### YOUR OBJECTIVE
In the records below, repeat exactly the lines between the line holding "FIFINE Studio Condenser" and the line holding "Paar forse silhouette", inclusive, and drop the pictures.

### INFORMATION SHOWN
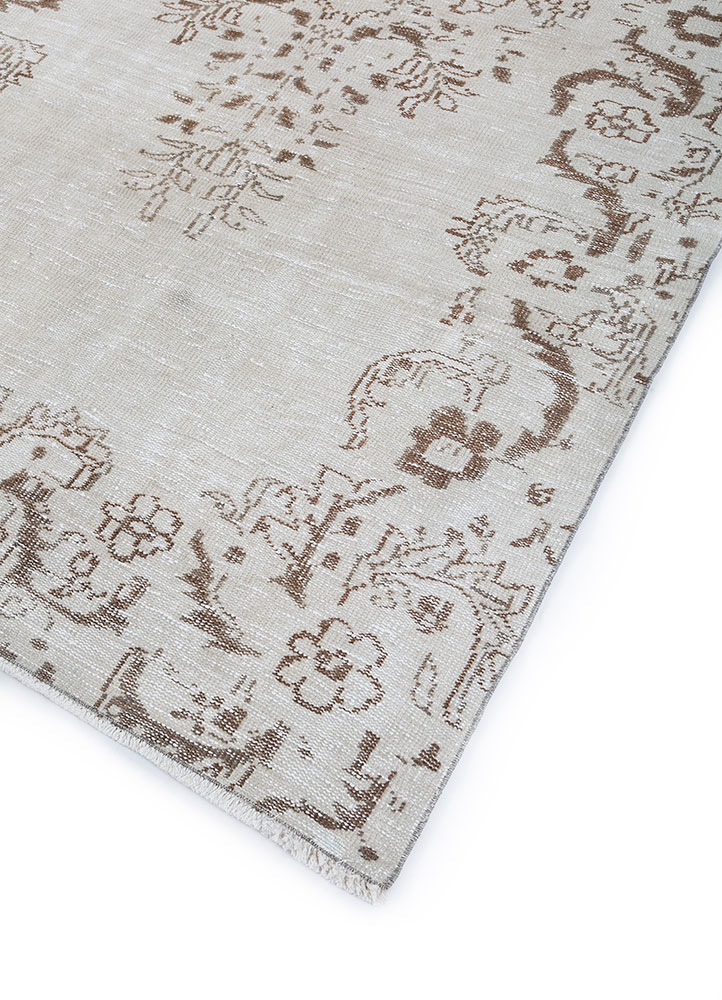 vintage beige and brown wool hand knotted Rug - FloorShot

--

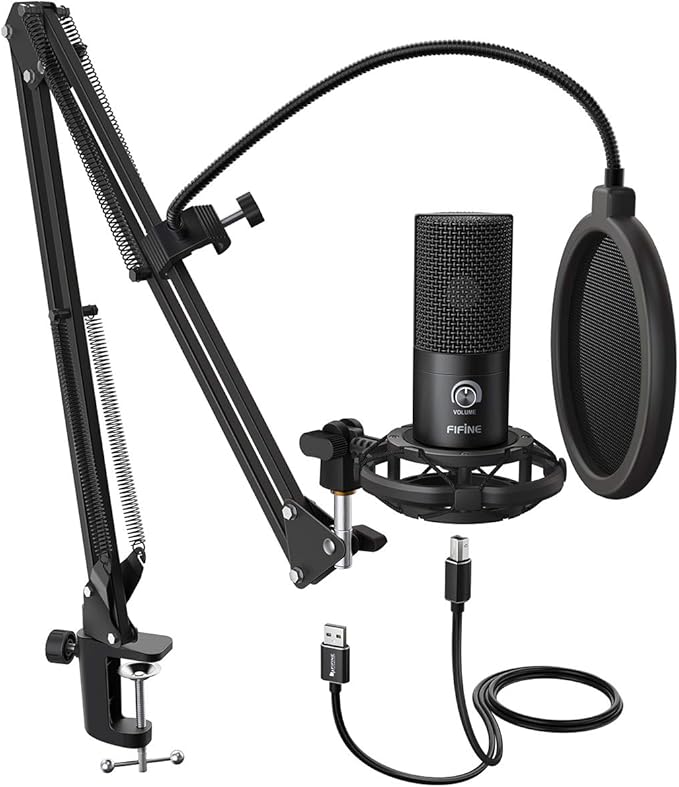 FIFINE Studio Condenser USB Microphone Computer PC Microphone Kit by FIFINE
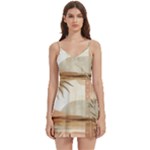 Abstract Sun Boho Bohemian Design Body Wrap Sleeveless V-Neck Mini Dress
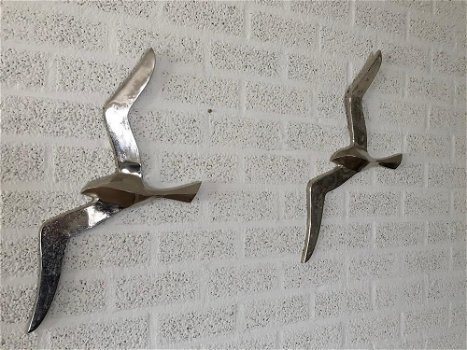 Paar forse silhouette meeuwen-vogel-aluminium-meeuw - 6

### ANSWER SECTION
 FIFINE Studio Condenser USB Microphone Computer PC Microphone Kit by FIFINE
 Abstract Sun Boho Bohemian Design Body Wrap Sleeveless V-Neck Mini Dress
 Paar forse silhouette meeuwen-vogel-aluminium-meeuw - 6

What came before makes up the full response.